Sur le vif - Jeudi 19.02.15 - 15.05h

 

Que les études européennes de l’Université de Genève fussent un terreau fertile aux partisans de l’adhésion de la Suisse à l’UE, on le savait depuis longtemps, et nous l’avons d’ailleurs évoqué ici, notamment en dénonçant des castings totalement déséquilibrés dans des débats pré-électoraux.  Mais pour ceux qui, peut-être, en auraient encore douté, le communiqué diffusé aujourd’hui, 14h, devrait dissoudre leurs incertitudes : le prochain professeur invité au Global Studies Institute (GSI) de l’UNIGE et à l’Institut des hautes études internationales et du développement (IHEID) s’appelle… José-Manuel Barroso !

 

Notre alma mater, assurément, a le droit d’engager qui elle veut. Mais disons que pour tenir un discours académique, empreint de l’indispensable dimension critique contenue dans ce mot, l’homme qui a présidé pendant dix ans (2004-2014) la Commission européenne, n’est peut-être pas le plus impartial des esprits.
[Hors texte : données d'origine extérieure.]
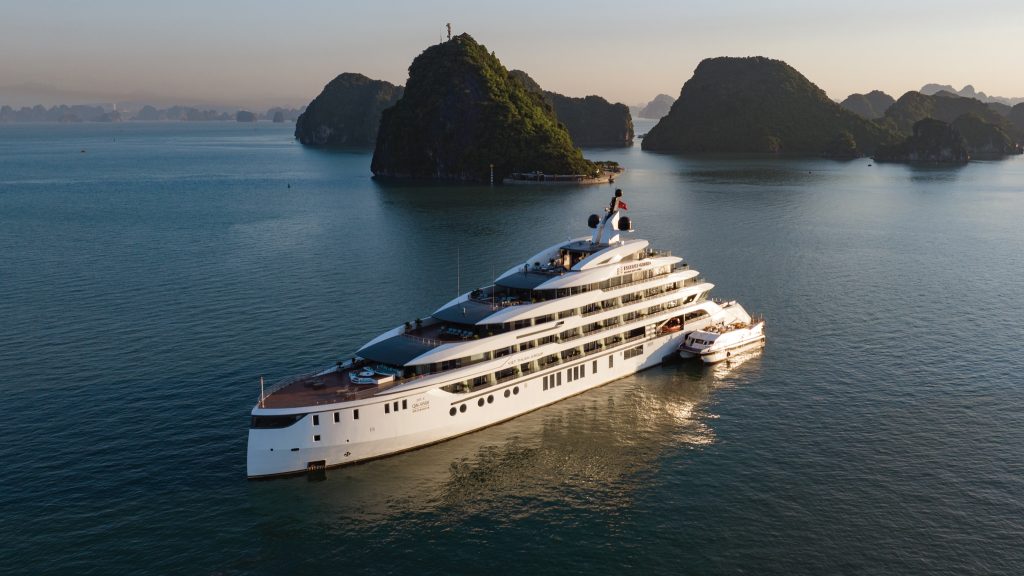 Grand Pioneers Cruise sailing through Halong Bay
Conférencier, oui : c’est même très bien, à ce titre, d’avoir recours à des acteurs politique engagés. Mais professeur, même « invité », c’est tout de même confirmer avec éclat l’idéologie pro-européenne de l’Université de Genève. Car enfin, si l’on confie une chaire à l’ancien président de la Commission, pourquoi ne pas en octroyer une autre, en contrepartie, à un esprit ou un acteur combattant tout rapprochement avec l’UE ? Tiens, Blocher « professeur invité » à l’Uni de Genève, vous les voyez déjà, les réactions de haine qu’une telle nomination susciterait ?

 

Il y aurait donc deux poids, deux mesures : si on engage comme « professeur invité » un acteur politique de premier plan incarnant un certain combat pour l’Europe, c’est bien. Bénédiction, blanc-seing, feu vert. Si, au contraire, toujours dans l’idée de donner un espace de parole à une personnalité politique, on fait appel à une figure ayant incarné le camp contraire (lequel, non seulement a lieu d’être, mais rassemble de plus en plus de monde en Suisse et sur le continent), alors là, non. Tollé. Condamnations. Manifs, jusque devant les amphithéâtres. Oh le beau monde. Oh, les braves gens. Oh, la « liberté d’expression ». Oh, la belle indépendance de la parole académique. Heurtée, de plein fouet, par l’océan des préjugés. C’est exactement cela que révèle la nomination de M. Barroso comme « professeur invité » à l’Université de Genève.

 

Tiens, puisqu’il « professera », il pourrait peut-être consacrer un cours ou un séminaire à expliquer à ses étudiants comment, en 2005, il a entrepris toutes choses pour rendre caduc le vote souverain du peuple français qui, au printemps, avait dit non au Traité européen. Il avait dit non avec le cœur, mais contrairement au Cancre de Prévert, il paraît qu’il avait dit oui avec la tête. Alors, on s’est arrangé pour ignorer son vote. Et on a mis en œuvre le contraire. Vivement l’enseignement de M. Barroso à l’Université de Genève.